PV OEMs to line up Rs 650 bn CAPEX over the next two years: ICRA

Amidst the uncertainty caused by the pandemic and the semiconductor crisis, the OEMs continued to invest in capacity augmentation, aided by their strong financial risk profiles, the report noted.

By Shruti Mishra calendar 29 Nov 2022 Views icon2988 Views Share - Share to Facebook Share to Twitter Share to LinkedIn Share to Whatsapp

Buoyed by strong underlying demand and an easing up of semiconductor shortages, the demand for passenger vehicles has remained healthy since the turn of the calendar year. The PV industry wholesale volumes are expected to touch an all-time high of about 3.7-3.8 million units in FY2023, up 21-24% over the previous fiscal), aided by robust demand, rating agency ICRA said in a new report.
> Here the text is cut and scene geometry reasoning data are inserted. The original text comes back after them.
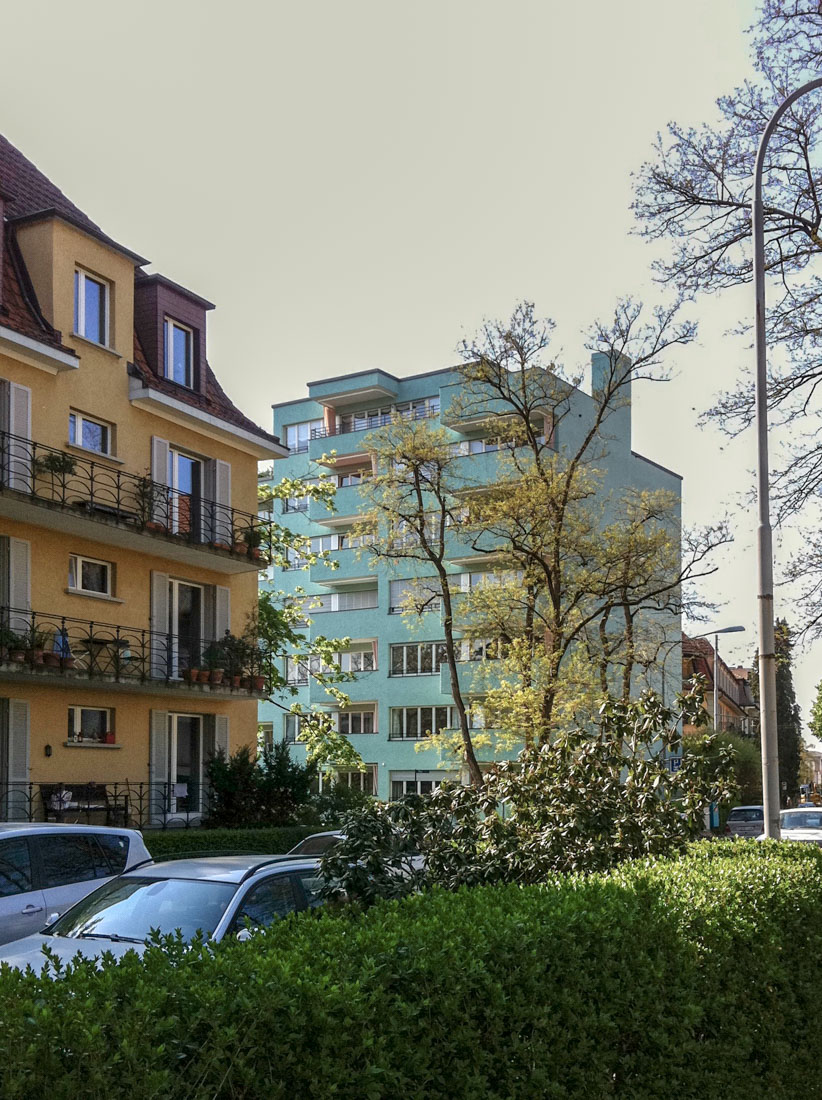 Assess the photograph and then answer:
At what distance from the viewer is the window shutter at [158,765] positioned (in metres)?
26.8

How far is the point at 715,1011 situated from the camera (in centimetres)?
695

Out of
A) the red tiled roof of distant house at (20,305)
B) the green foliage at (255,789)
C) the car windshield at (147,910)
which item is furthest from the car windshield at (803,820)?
the car windshield at (147,910)

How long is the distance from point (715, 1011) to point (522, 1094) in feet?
6.87

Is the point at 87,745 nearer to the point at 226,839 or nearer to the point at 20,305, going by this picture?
the point at 226,839

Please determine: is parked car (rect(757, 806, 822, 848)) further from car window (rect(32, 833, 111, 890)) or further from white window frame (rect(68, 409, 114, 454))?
car window (rect(32, 833, 111, 890))

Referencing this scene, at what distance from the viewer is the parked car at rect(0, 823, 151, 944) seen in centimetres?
1252

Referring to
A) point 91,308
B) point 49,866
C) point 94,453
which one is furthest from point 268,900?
point 91,308

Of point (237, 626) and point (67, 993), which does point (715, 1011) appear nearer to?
point (67, 993)

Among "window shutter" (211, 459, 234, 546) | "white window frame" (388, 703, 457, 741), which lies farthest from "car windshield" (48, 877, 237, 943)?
"white window frame" (388, 703, 457, 741)

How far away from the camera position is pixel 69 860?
13.4 m

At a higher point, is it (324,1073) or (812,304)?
(812,304)

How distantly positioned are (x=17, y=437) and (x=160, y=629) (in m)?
6.08

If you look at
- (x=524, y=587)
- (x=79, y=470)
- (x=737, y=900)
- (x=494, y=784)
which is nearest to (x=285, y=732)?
(x=524, y=587)

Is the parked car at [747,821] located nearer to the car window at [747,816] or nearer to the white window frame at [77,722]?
the car window at [747,816]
According to the agency, OEMs are budgeting for a substantial outlay towards new product development, including the development of capabilities or dedicated platforms for electric vehicles, the aggregate CAPEX outlay for the OEMs is estimated to remain heightened at Rs. 650 billion over FY2023-FY2025. A majority of the capex outlay (including new product developments) will be met through healthy cash accruals/parent funding support, apart from inorganic fundraise in some of the recently formed EV subsidiaries, it added.

Amidst the uncertainty caused by the pandemic and the semiconductor crisis, the OEMs continued to invest in capacity augmentation, aided by their strong financial risk profiles, the report noted.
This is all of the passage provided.